**REQUIRED WORK:** Every entry must be copied word for word.

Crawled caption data
..............................
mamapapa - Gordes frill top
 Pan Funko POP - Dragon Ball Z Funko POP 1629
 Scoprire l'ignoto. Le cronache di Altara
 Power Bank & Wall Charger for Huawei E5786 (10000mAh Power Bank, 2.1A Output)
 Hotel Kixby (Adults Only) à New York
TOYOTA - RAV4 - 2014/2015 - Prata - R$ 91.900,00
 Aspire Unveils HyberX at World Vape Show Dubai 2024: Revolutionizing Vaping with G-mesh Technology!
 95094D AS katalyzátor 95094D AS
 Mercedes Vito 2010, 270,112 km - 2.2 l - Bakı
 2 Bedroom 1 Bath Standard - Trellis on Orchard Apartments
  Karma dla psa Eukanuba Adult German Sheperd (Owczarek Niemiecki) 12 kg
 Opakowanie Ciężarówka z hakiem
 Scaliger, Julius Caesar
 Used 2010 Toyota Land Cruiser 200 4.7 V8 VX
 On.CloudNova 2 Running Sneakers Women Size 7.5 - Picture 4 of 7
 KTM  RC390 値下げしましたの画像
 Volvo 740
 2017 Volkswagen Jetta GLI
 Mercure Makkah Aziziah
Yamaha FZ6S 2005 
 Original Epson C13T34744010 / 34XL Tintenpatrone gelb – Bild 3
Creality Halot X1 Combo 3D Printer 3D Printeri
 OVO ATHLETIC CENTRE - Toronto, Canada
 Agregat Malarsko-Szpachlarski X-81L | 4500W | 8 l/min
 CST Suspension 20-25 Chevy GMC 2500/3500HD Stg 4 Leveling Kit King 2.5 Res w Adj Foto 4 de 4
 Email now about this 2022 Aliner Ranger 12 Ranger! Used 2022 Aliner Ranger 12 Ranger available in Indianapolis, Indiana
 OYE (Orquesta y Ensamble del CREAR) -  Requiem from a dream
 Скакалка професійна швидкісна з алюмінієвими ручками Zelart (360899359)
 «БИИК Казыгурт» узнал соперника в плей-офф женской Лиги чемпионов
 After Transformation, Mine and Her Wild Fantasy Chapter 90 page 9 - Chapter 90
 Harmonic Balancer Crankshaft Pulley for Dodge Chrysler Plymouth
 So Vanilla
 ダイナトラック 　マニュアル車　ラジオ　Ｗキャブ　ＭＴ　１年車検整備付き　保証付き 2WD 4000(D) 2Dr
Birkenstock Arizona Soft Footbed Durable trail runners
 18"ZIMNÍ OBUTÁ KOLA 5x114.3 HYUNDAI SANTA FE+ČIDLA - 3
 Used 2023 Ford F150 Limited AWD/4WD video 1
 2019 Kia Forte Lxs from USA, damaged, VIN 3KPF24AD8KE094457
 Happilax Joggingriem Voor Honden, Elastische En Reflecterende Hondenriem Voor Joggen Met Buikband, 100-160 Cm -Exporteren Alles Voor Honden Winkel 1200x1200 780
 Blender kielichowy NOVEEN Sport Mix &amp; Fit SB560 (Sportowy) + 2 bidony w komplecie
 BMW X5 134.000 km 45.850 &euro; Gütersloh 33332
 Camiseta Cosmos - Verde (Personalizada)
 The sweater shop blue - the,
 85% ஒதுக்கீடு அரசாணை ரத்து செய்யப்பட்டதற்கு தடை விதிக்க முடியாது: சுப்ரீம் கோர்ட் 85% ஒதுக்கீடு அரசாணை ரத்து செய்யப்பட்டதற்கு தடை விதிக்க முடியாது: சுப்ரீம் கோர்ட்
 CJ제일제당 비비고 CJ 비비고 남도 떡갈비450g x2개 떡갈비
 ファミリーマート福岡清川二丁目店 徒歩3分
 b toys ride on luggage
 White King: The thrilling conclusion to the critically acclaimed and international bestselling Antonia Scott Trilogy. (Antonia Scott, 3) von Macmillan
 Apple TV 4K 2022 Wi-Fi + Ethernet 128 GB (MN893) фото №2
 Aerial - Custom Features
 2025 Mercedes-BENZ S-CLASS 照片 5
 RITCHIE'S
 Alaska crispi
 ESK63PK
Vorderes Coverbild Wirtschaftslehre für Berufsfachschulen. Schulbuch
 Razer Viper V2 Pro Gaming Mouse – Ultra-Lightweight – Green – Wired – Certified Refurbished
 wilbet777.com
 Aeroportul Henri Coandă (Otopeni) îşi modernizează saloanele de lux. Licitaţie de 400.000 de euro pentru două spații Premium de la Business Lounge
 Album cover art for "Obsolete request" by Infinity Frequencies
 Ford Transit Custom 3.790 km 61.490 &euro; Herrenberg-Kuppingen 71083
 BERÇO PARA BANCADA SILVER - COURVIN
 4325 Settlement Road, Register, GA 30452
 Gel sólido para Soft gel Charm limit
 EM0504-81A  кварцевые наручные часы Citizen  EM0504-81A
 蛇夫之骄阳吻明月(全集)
..............................
**RESPONSE TO THE EXERCISE:**
mamapapa - Gordes frill top
 Pan Funko POP - Dragon Ball Z Funko POP 1629
 Scoprire l'ignoto. Le cronache di Altara
 Power Bank & Wall Charger for Huawei E5786 (10000mAh Power Bank, 2.1A Output)
 Hotel Kixby (Adults Only) à New York
TOYOTA - RAV4 - 2014/2015 - Prata - R$ 91.900,00
 Aspire Unveils HyberX at World Vape Show Dubai 2024: Revolutionizing Vaping with G-mesh Technology!
 95094D AS katalyzátor 95094D AS
 Mercedes Vito 2010, 270,112 km - 2.2 l - Bakı
 2 Bedroom 1 Bath Standard - Trellis on Orchard Apartments
  Karma dla psa Eukanuba Adult German Sheperd (Owczarek Niemiecki) 12 kg
 Opakowanie Ciężarówka z hakiem
 Scaliger, Julius Caesar
 Used 2010 Toyota Land Cruiser 200 4.7 V8 VX
 On.CloudNova 2 Running Sneakers Women Size 7.5 - Picture 4 of 7
 KTM  RC390 値下げしましたの画像
 Volvo 740
 2017 Volkswagen Jetta GLI
 Mercure Makkah Aziziah
Yamaha FZ6S 2005 
 Original Epson C13T34744010 / 34XL Tintenpatrone gelb – Bild 3
Creality Halot X1 Combo 3D Printer 3D Printeri
 OVO ATHLETIC CENTRE - Toronto, Canada
 Agregat Malarsko-Szpachlarski X-81L | 4500W | 8 l/min
 CST Suspension 20-25 Chevy GMC 2500/3500HD Stg 4 Leveling Kit King 2.5 Res w Adj Foto 4 de 4
 Email now about this 2022 Aliner Ranger 12 Ranger! Used 2022 Aliner Ranger 12 Ranger available in Indianapolis, Indiana
 OYE (Orquesta y Ensamble del CREAR) -  Requiem from a dream
 Скакалка професійна швидкісна з алюмінієвими ручками Zelart (360899359)
 «БИИК Казыгурт» узнал соперника в плей-офф женской Лиги чемпионов
 After Transformation, Mine and Her Wild Fantasy Chapter 90 page 9 - Chapter 90
 Harmonic Balancer Crankshaft Pulley for Dodge Chrysler Plymouth
 So Vanilla
 ダイナトラック 　マニュアル車　ラジオ　Ｗキャブ　ＭＴ　１年車検整備付き　保証付き 2WD 4000(D) 2Dr
Birkenstock Arizona Soft Footbed Durable trail runners
 18"ZIMNÍ OBUTÁ KOLA 5x114.3 HYUNDAI SANTA FE+ČIDLA - 3
 Used 2023 Ford F150 Limited AWD/4WD video 1
 2019 Kia Forte Lxs from USA, damaged, VIN 3KPF24AD8KE094457
 Happilax Joggingriem Voor Honden, Elastische En Reflecterende Hondenriem Voor Joggen Met Buikband, 100-160 Cm -Exporteren Alles Voor Honden Winkel 1200x1200 780
 Blender kielichowy NOVEEN Sport Mix &amp; Fit SB560 (Sportowy) + 2 bidony w komplecie
 BMW X5 134.000 km 45.850 &euro; Gütersloh 33332
 Camiseta Cosmos - Verde (Personalizada)
 The sweater shop blue - the,
 85% ஒதுக்கீடு அரசாணை ரத்து செய்யப்பட்டதற்கு தடை விதிக்க முடியாது: சுப்ரீம் கோர்ட் 85% ஒதுக்கீடு அரசாணை ரத்து செய்யப்பட்டதற்கு தடை விதிக்க முடியாது: சுப்ரீம் கோர்ட்
 CJ제일제당 비비고 CJ 비비고 남도 떡갈비450g x2개 떡갈비
 ファミリーマート福岡清川二丁目店 徒歩3分
 b toys ride on luggage
 White King: The thrilling conclusion to the critically acclaimed and international bestselling Antonia Scott Trilogy. (Antonia Scott, 3) von Macmillan
 Apple TV 4K 2022 Wi-Fi + Ethernet 128 GB (MN893) фото №2
 Aerial - Custom Features
 2025 Mercedes-BENZ S-CLASS 照片 5
 RITCHIE'S
 Alaska crispi
 ESK63PK
Vorderes Coverbild Wirtschaftslehre für Berufsfachschulen. Schulbuch
 Razer Viper V2 Pro Gaming Mouse – Ultra-Lightweight – Green – Wired – Certified Refurbished
 wilbet777.com
 Aeroportul Henri Coandă (Otopeni) îşi modernizează saloanele de lux. Licitaţie de 400.000 de euro pentru două spații Premium de la Business Lounge
 Album cover art for "Obsolete request" by Infinity Frequencies
 Ford Transit Custom 3.790 km 61.490 &euro; Herrenberg-Kuppingen 71083
 BERÇO PARA BANCADA SILVER - COURVIN
 4325 Settlement Road, Register, GA 30452
 Gel sólido para Soft gel Charm limit
 EM0504-81A  кварцевые наручные часы Citizen  EM0504-81A
 蛇夫之骄阳吻明月(全集)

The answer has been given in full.